COND_CASES_TAC : tactic

SYNOPSIS
Induces a case split on a conditional expression in the goal.

DESCRIPTION
COND_CASES_TAC searches for a free conditional subterm in the term of a goal, i.e. a subterm of the form if p then u else v, choosing some topmost one if there are several. It then induces a case split over p as follows:
                       A ?- t
    ==========================================  COND_CASES_TAC
     A u {p} ?- t[T/p; u/(if p then u else v)]
     A u {~p} ?- t[F/p; v/(if p then u else v)]
where p is not a constant, and the term p then u else v is free in t. Note that it both enriches the assumptions and inserts the assumed value into the conditional.

FAILURE CONDITIONS
COND_CASES_TAC fails if there is no conditional sub-term as described above.

EXAMPLE
We can prove the following just by REAL_ARITH `!x y:real. x <= max x y`, but it is instructive to consider a manual proof.
  # g `!x y:real. x <= max x y`;;
  val it : goalstack = 1 subgoal (1 total)

  `!x y. x <= max x y`

  # e(REPEAT GEN_TAC THEN REWRITE_TAC[real_max]);;'
  val it : goalstack = 1 subgoal (1 total)

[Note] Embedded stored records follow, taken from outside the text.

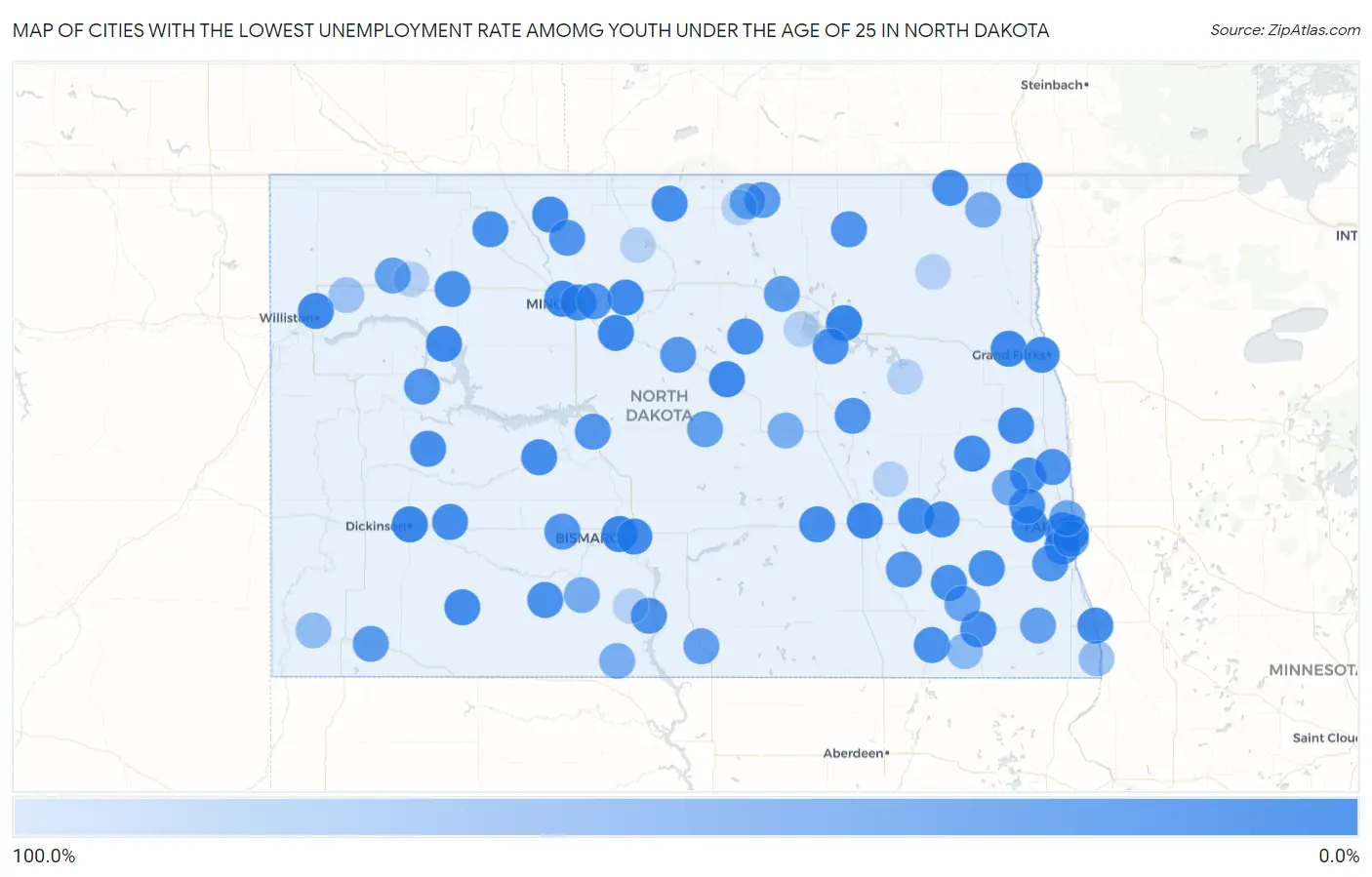 Cities with the Lowest Unemployment Rate Amomg Youth Under the Age of 25 in North Dakota Map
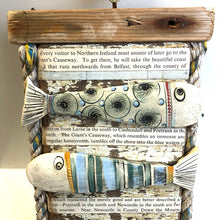 Load image into Gallery viewer, Ceramic fishes on wooden plaque
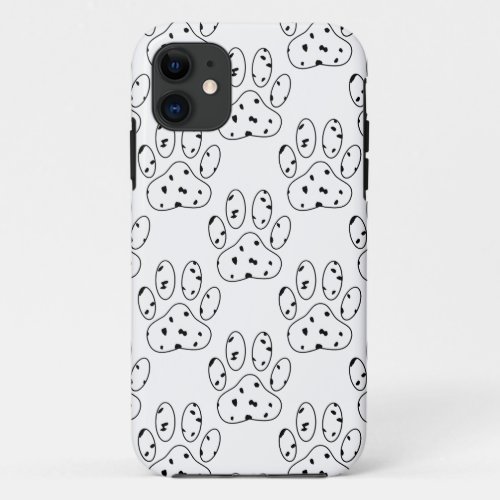 Dalmatian Paw Print Pattern iPhone 11 Case
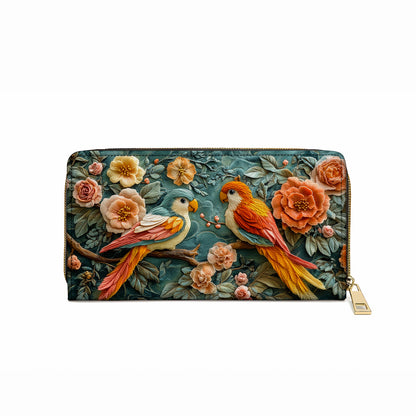 Shineful Leather Clutch Purse With Wristlet Strap Handle Ethereal Lovebirds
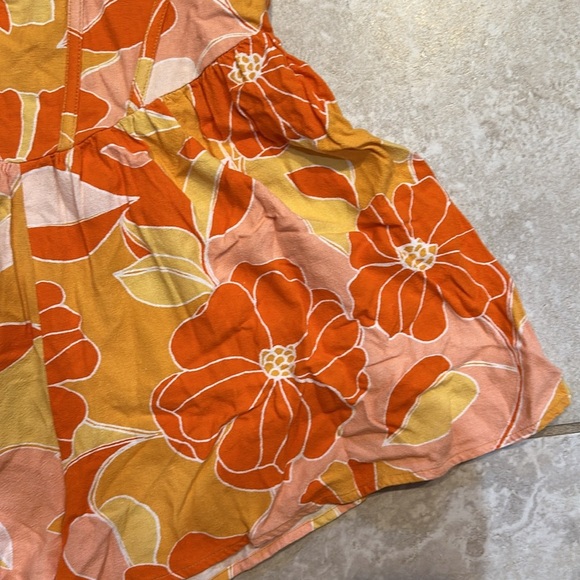 Sky To Moon Orange Retro Floral Cut Out Romper M Dress - Picture 4 of 6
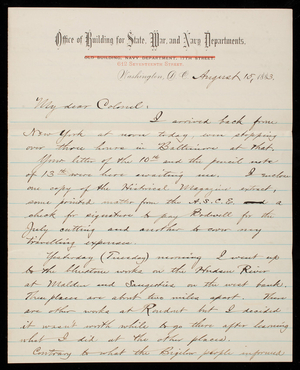 Bernard R. Green to Thomas Lincoln Casey, August 15, 1883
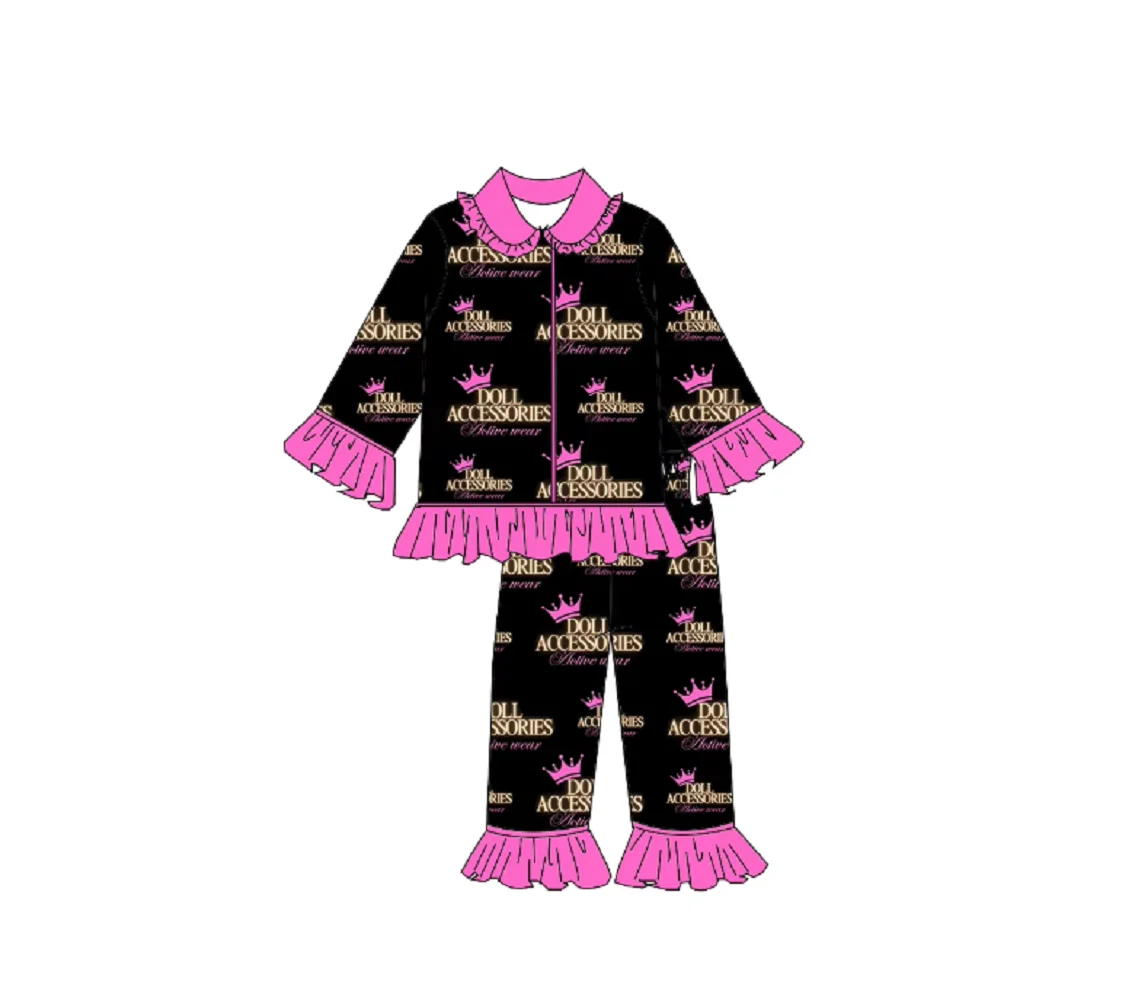 Wholesale Girls Pajama Shorts Two-piece Bowknot Toddler Girls Letter Cherry Print Pajama Set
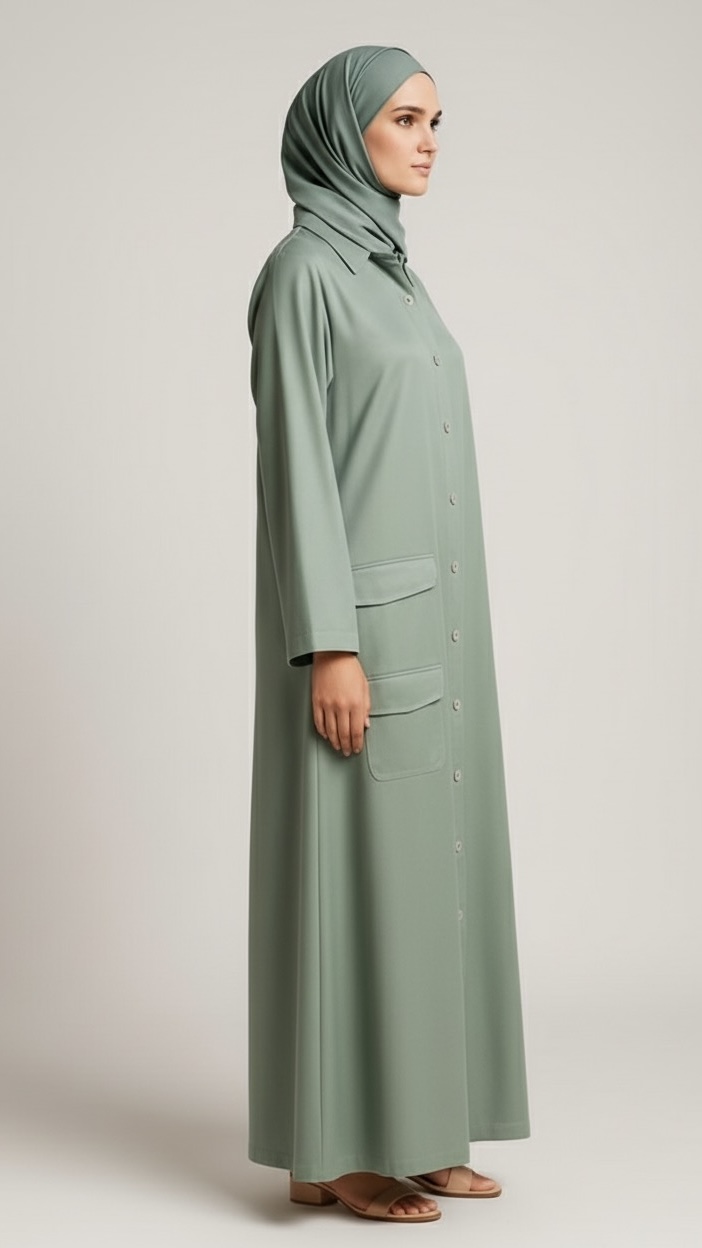 Sage Green Double Pocketed Abaya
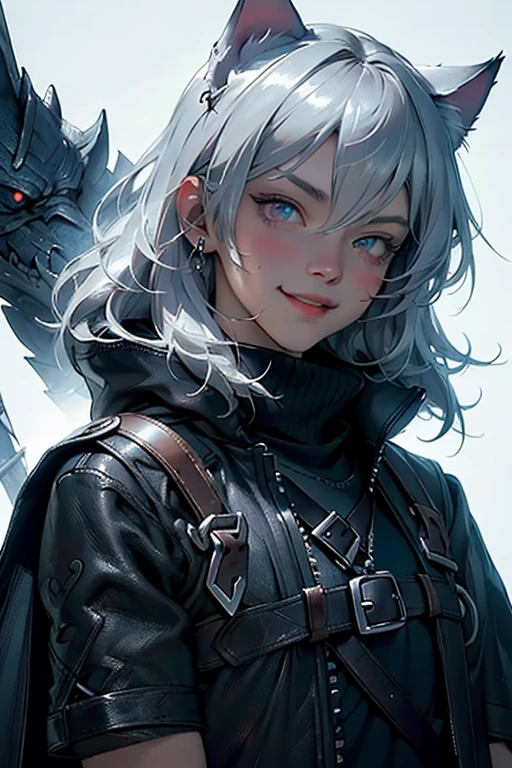 ((best quality)), ((masterpiece)), (detailed), perfect face, warrior woman, beautiful, best graphics, soft lighting, silver hair, crimson eyes, daggers in hand, cat ears, shadows all around, leather cloak, modest, battle, fight, smile, neko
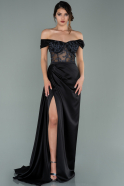 Длинное Атласное Вечернее Платье Черный ABU2002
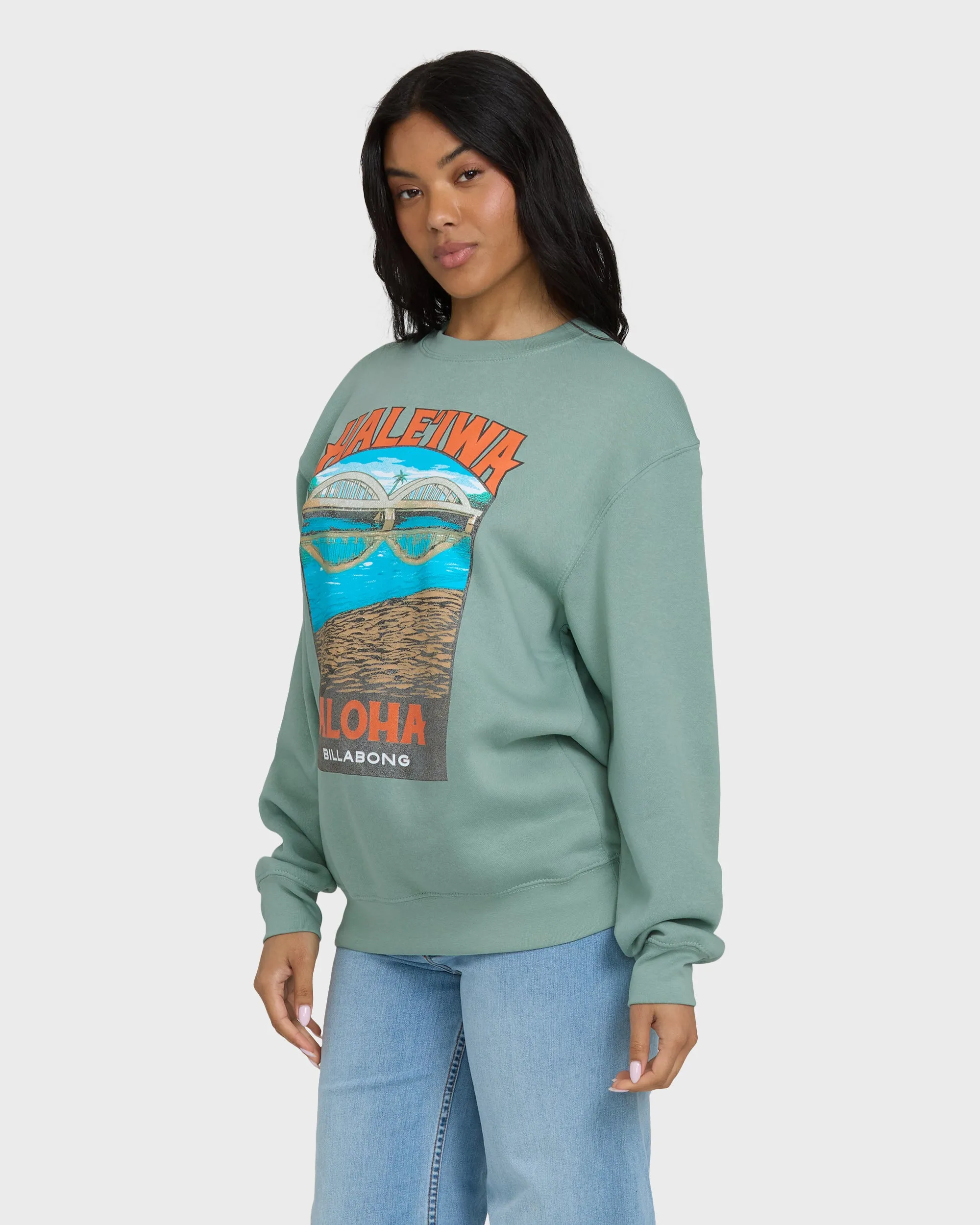 Haleiwa Scenic Poster Crewneck Sweatshirt - Sea Glass sold by Billabong product image thumbnail 4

  `x <= (if x <= y then y else x)`

  # e COND_CASES_TAC;;
  val it : goalstack = 1 subgoal (1 total)

   0 [`~(x <= y)`]

  `x <= x`

USES
Useful for case analysis and replacement in one step, when there is a conditional sub-term in the term part of the goal. When there is more than one such sub-term and one in particular is to be analyzed, COND_CASES_TAC cannot always be depended on to choose the `desired' one. It can, however, be used repeatedly to analyze all conditional sub-terms of a goal.

COMMENTS
Note that logically it should only be necessary for p to be free in the whole term, not the two branches x and y. However, as an artifact of the current implementation, we need them to be free too. The more sophisticated conversion CONDS_ELIM_CONV handles this better.

SEE ALSO
ASM_CASES_TAC, COND_ELIM_CONV, CONDS_ELIM_CONV, DISJ_CASES_TAC, STRUCT_CASES_TAC.